Argentina sub crew’s families hold protest over end of search


Argentina sub crew's families hold protest over end of search

Image copyright Reuters
Image caption Dozens of relatives and friends of the crew marched in protest over the end of the search and rescue operation

Relatives of crew members of an Argentine submarine which disappeared in the southern Atlantic have criticised the government for giving up the search for survivors.

They marched through the streets of the port of Mar del Plata demanding the rescue effort resumed.

The navy has said there is no longer any hope of finding the crew alive.

A Russian search module is scouring shapes on the sea bed which could be the wreck of the submarine.

Some family members called for President Mauricio Macri to come to the port to talk to them.

They complain that they were not advised before the general public that the rescue mission had ended.

They have also said they want to know why they were kept in the dark for days over reports of an explosion near the submarine's last recorded location.

President Macri has promised a full investigation into what happened to answer the families' concerns.

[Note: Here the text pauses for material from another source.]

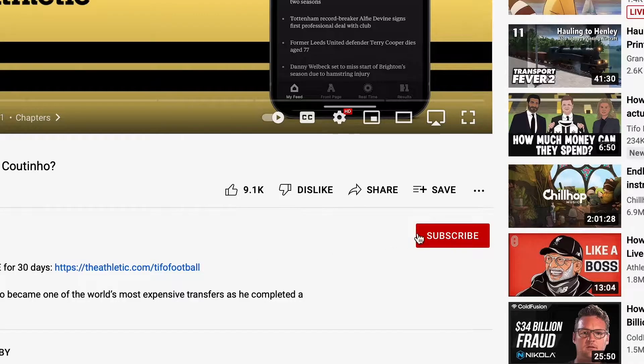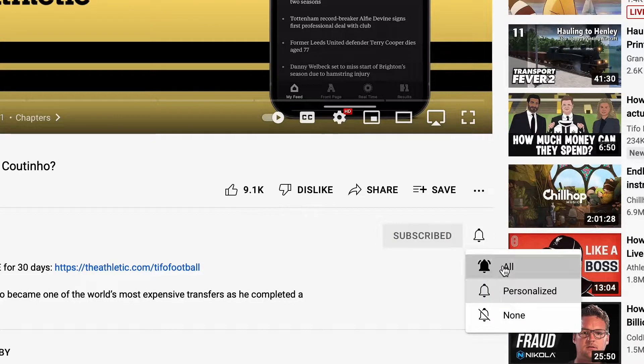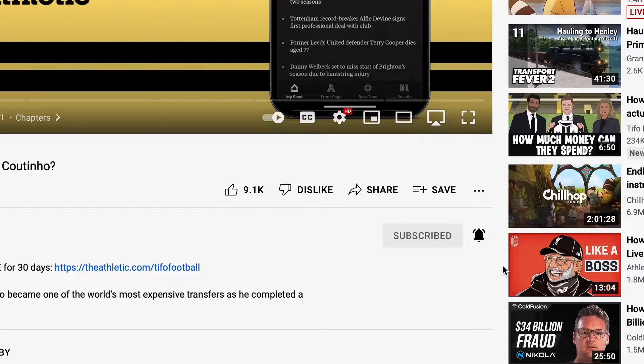If you're brand new to this channel, make sure you hit that like and subscribe button, and also make sure that you hit the bell so that you can get notified when I drop new Google Ads related content. We're just going to be releasing content for the rest of the year, so you'll have plenty to watch.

A naval spokesman said the search for the wreckage was still taking place in the South Atlantic.

Argentina ends missing submarine rescue mission

Water caused submarine battery short circuit

Argentina president pledges enquiry

A Russian-owned unmanned remotely-operated vehicle has been searching shapes detected by sonar on the sea bed.

The disaster has prompted questions over the state of the military in Argentina which has one of Latin America's smallest defence budgets in relation to the size of its economy.

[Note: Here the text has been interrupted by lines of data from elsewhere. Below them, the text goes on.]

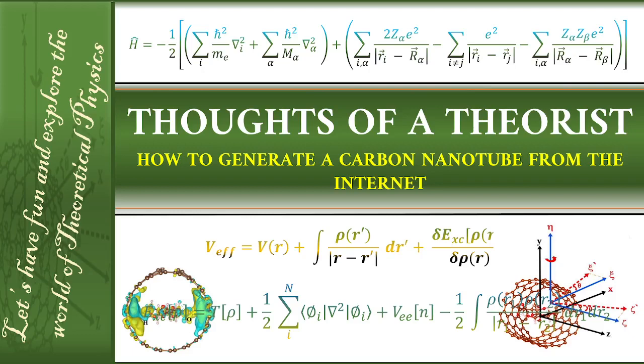Hello everyone, welcome to my YouTube channel, Thoughts of a Theorist. Today we're going to discuss how to generate a carbon nanotube from the internet.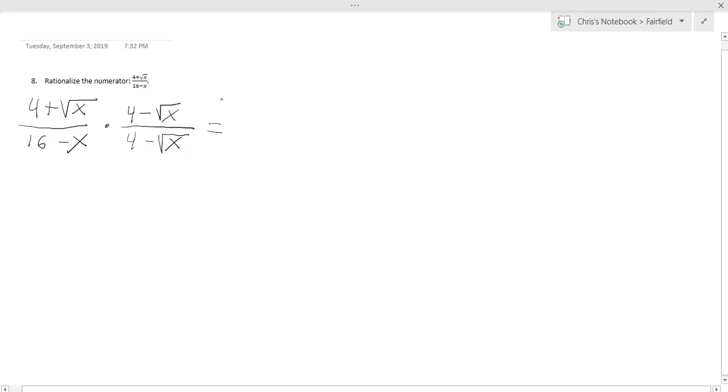So when we multiply by this now, again we have that conjugate in the numerator, this will be 4 squared, so 16, minus square root of x times square root of x would just be x.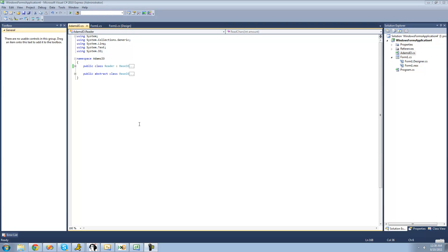Hey guys, welcome to the 192nd C# tutorial I'm making for the New Boston. In this tutorial, we're going to continue working on our Reader and Writer class. In the previous tutorial, we finished up making our Reader class, so now we just have to create our Writer class.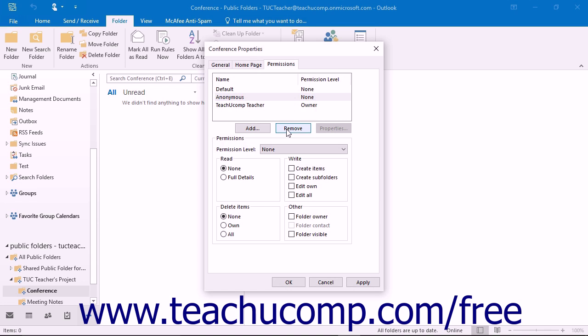You can also delete user permissions that are no longer applicable. For example, if a user were to leave the office, you should delete any access to the public folders that they had.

Correspondents say there is a likelihood that members of the navy's high command will be removed, but the wreck of the submarine needs to be found to answer the questions over what happened on board.

The navy said on 27 November that water had entered the submarine's snorkel causing its battery to short-circuit before it went missing.

The navy had previously said international organisations had detected a noise that could have been the submarine's implosion on the same day contact was lost.